2. An angelic voice declares that great power and glory has now come into being, presumably a proleptic announcement concerning the child. (The mother and child are separated; the mother will be a proxy for those who follow the saviour-child).
3. A bird (eagle) carries the mother of the child to the wilderness
4. The woman is nourished and cared for in the wilderness (by….?)
5. The water of chaos, a flood, attempts to destroy the woman but she is protected by the wilderness earth.
The larger structure is essentially the same as the gnostic myth but the middle two steps are reversed. This reversal appears to be a function of the splitting of the child from its mother (and rest of her seed).
The structure the previous two myths is completely inverted with the Gospel of Mark. Coming to the water or facing the water is now moved to the beginning, along with the prophet, and is no longer the culmination of the story. In this gospel the water has become a symbol of baptism which is a figure of the death of the old man (as per Paul). In the Gospel of Mark we have the narrative bookended by narratives of death and emergence from death, first symbolically in the water, then finally through the cross.
1. The prophet announces the advent of the man saviour.
2. The saviour figure comes to the water and as he emerges from it.
3. The saviour figure is addressed as a sacrificial victim — the inverse of the power and glory we saw in the other two myths. For “my beloved son” as a signal of a son to be sacrificed see Jon Levenson’s studies on the Death and Resurrection of the Beloved Son. But the power and glory is still latent because the saviour figure is still the son of God.
4. The spirit (identified as a bird, in this case the dove) drives or propels the saviour figure into the wilderness.
5. The saviour figure is nourished by angels in the wilderness. (Matthew and Luke add the mountain.)
The angels and the bird take on inverted meanings. The angels feed and nourish the saviour in the wilderness, thus doing enough merely to keep him alive after his long fast and encounter with Satan. There is no roaring declaration of the saviour being imbued with power and glory.
The bird has changed from an eagle to a dove. The eagle had the power to rescue and carry a person in flight. The dove drives the saviour figure into the wilderness but has already come to him at the moment he is declared to be the beloved son (for sacrifice).
The Gospel of Mark may be thought of as inverting the rival myths of a messiah or saviour coming with great power. The water has become a means of symbolic death and birth as a “beloved son” destined to be sacrificed.

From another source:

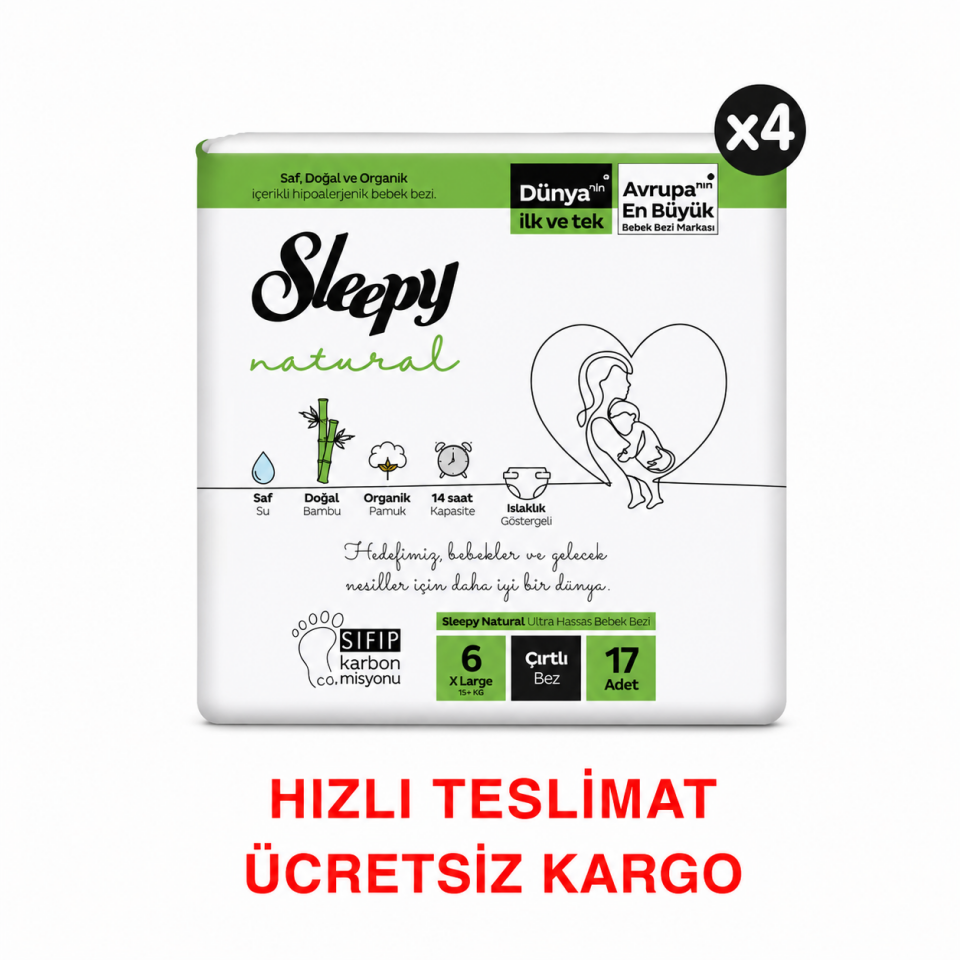 Sleepy Natural 6 Numara X Large 17'li Bebek Bezi 4 Paket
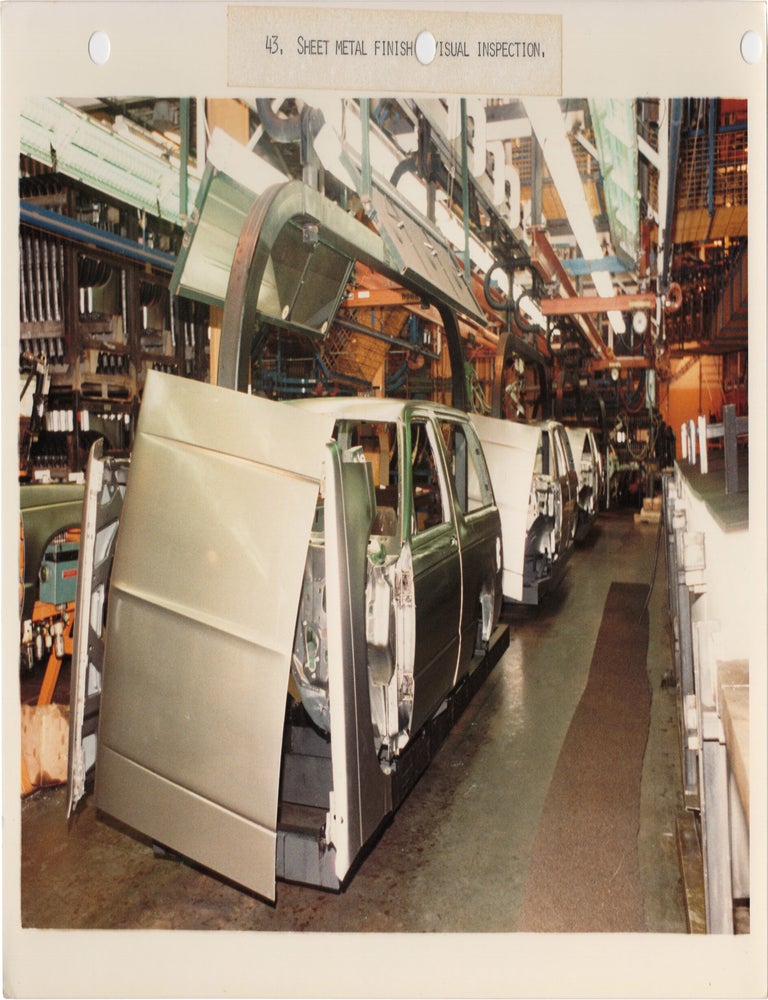 Archive of 90 original photographs of a General Motors assembly line producing the S-10 Blazer and S-15 Jimmy in 1983, the first compact sport utility vehicles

The earlier myth of power is not completely displaced, however. We see the saviour figure in the wilderness nourishing his followers by the thousands; he then ascendes a mountain before returning to walk upon the water to his disciples. Several details of this narrative indicate it is to be understood as a theophany, or perhaps even originally a post-resurrection appearance. The myth of power is not completely replaced but it is supplemented by an inverted form of the myth to take place first.